• **Records**
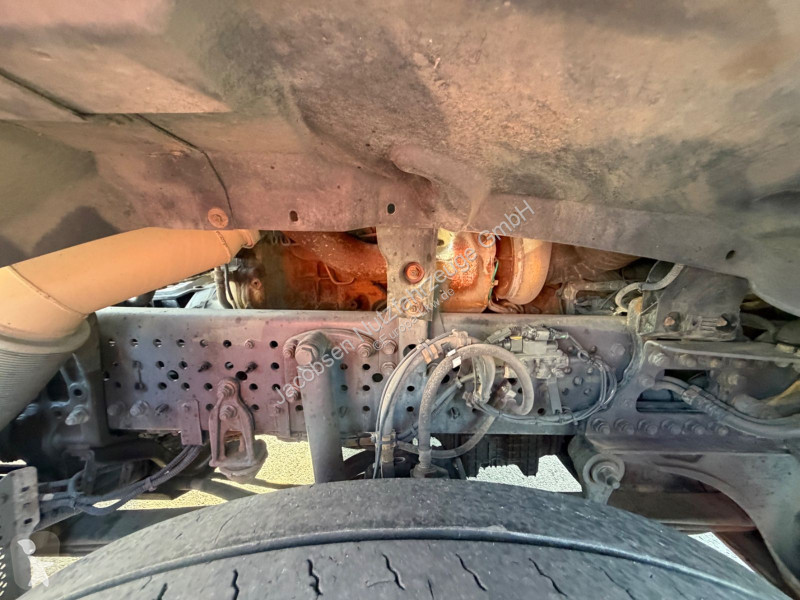 Trekker Mercedes 1942/1842 BL 4x4HAD, Ap-Achse,...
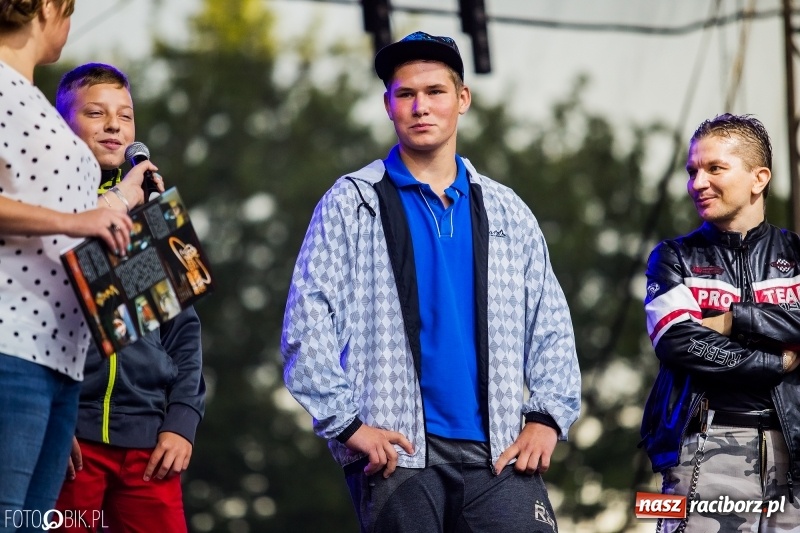 Zdjęcie w galerii na portalu naszraciborz.pl: Moc atrakcji w drugim dniu Memoriału wiadomości z regionu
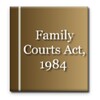 The Family Courts Act 1984 icon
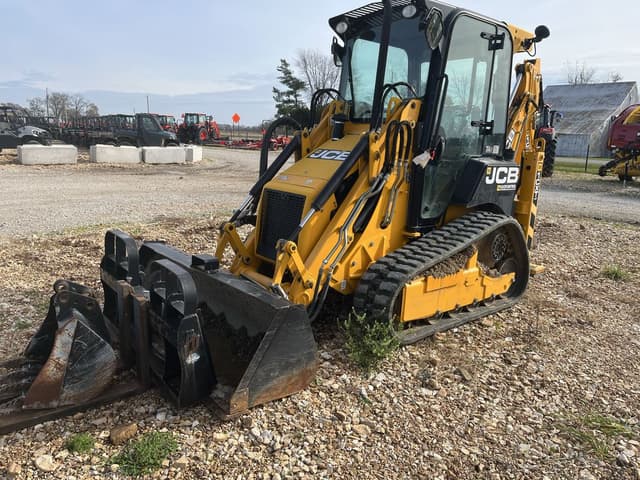 Image of JCB 1CXT equipment image 2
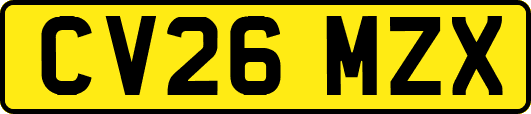 CV26MZX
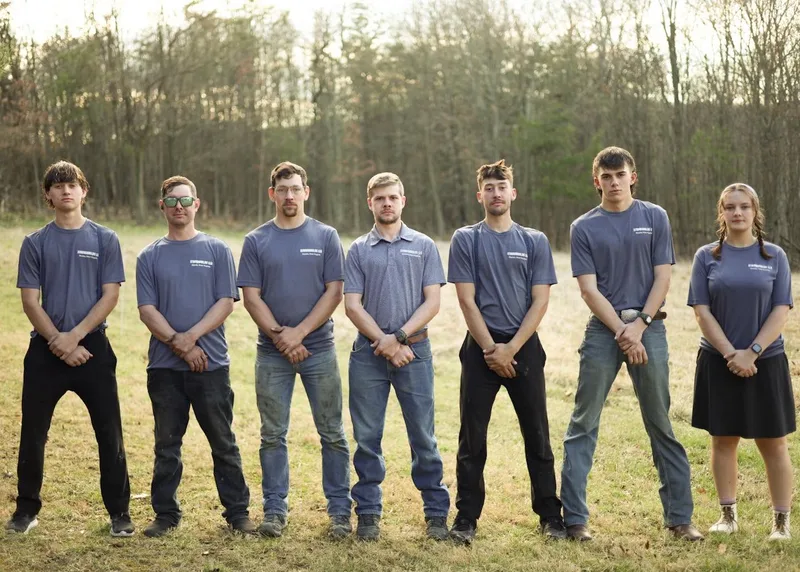 The Strongbuilds LLC crew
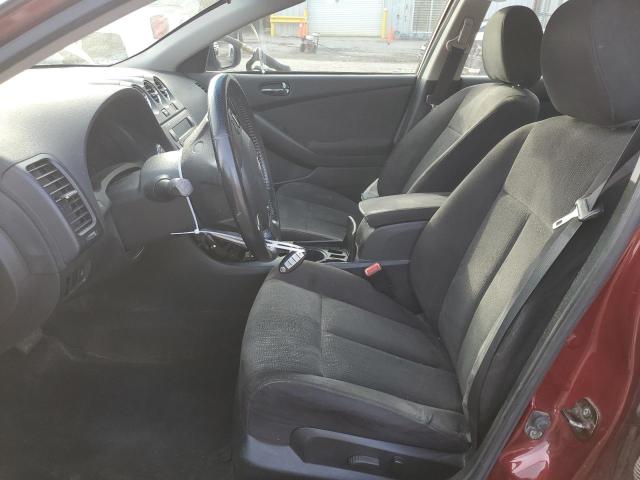 Photo 7 from auction – 2010 NISSAN ALTIMA BAS with VIN 1N4AL2AP0AN416160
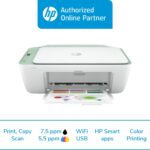 HP Deskjet Ink Advantage 2777 All-in-One Printer Light Sage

• **Action item**
In the data above, find the line with "Photo 7 from" and repeat it and every line after it through the end, exactly; leave the pictures out.

• **Solution to the exercise**
 Photo 7 from auction – 2010 NISSAN ALTIMA BAS with VIN 1N4AL2AP0AN416160
 HP Deskjet Ink Advantage 2777 All-in-One Printer Light Sage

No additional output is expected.